An architectural rendering of the townhomes proposed by Tom Winter.

A U.S. congressional candidate from Missoula plans to build eight to 10 three-story, high-end townhomes in downtown Missoula near the Clark Fork River.

On Thursday, the Missoula Redevelopment Agency’s board voted unanimously to allow Tom Winter to proceed with work on deconstructing the older houses at 322 Levasseur St.

Winter plans on submitting an application in July for Tax Increment Financing assistance for deconstruction of two buildings and for required public infrastructure upgrades at the site, and the Thursday vote allows him to move forward without prejudicing a future application.

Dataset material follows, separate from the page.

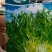 苦苣种子奥盛三号苦叶色浓绿，叶缘缺刻多深裂味略苦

Winter is a Democrat who represented Missoula’s House District 96 in the state Legislature this past session. He announced earlier this year that he’s running for Montana’s lone seat in the U.S. House of Representatives in 2020, the seat currently occupied by Republican Greg Gianforte, who is running for governor.

Winter wasn’t at Thursday’s meeting.

“For some time, Tom Winter has been acquiring property on Levasseur Street east of the recently completed townhome project at the corner of Levasseur and Clay Street,” explained MRA assistant director Chris Behan. “He has determined that he will be able to obtain two of the three properties he sought.”

Behan said one of the two buildings on the site is structurally unsound and has become “very difficult” to secure from people breaking in to vandalize it, party and start fires.

“The Missoula Police Department has contacted Mr. Winter to say that they are not able to keep the building secure and asking him to remove it as soon as possible,” Behan said.

The board also voted to approve a request from the Woodbury Corp. to proceed with demolishing the old Best Bet Casino building at 3620 Brooks St. to make way for a new AT&T retail store. Woodbury Corp. is the company that developed the entire South Crossing site, which holds the Cabela’s and other businesses. Company representative Kraig Erickson also mentioned that Woodbury recently sold a large plot of land to the south to another unnamed company, and said the plans for that site are “very exciting” although he can’t announce anything yet.

The board also heard from architect David Gray of DVG Architecture and Planning. He’s been working with Nick Caras, the owner of the Radio Central Building on East Main Street downtown, on a project to tear off the sheet metal from the façade of the historic building to reveal its original stone pillars and windows.

“There’s beautiful stone columns,” Gray explained. “The masonry is in fantastic shape. It’s filthy, but there’s beautiful granite stonework. It’s probably one of the prettiest buildings in downtown. We found something that’s a real treasure on that street.”

Gray said they’ll probably ask for Façade Improvement Program funding in the future to help with the cost of removing the metal. He presented the board with architectural renderings and an old photo of what the original building looked like.

With the new Conflux Brewery down the street, a new Missoula Public Library being built a block away and plans for a new six-story AC by Marriott hotel next door, Gray said that section of downtown would benefit from a restored Radio Central Building.

“We would like to restore it but we’re gonna need your help to do it,” he said.

Behan told the board that funding in the Front Street Urban Renewal District is running low, but he hopes to work with Gray in the future to put a viable application before the board.

In the city’s Urban Renewal Districts, property taxes generated by new projects built since they were created are diverted away from the city’s general fund and used as Tax Increment Financing or Façade Improvement Program funds for projects that are supposed to benefit the public.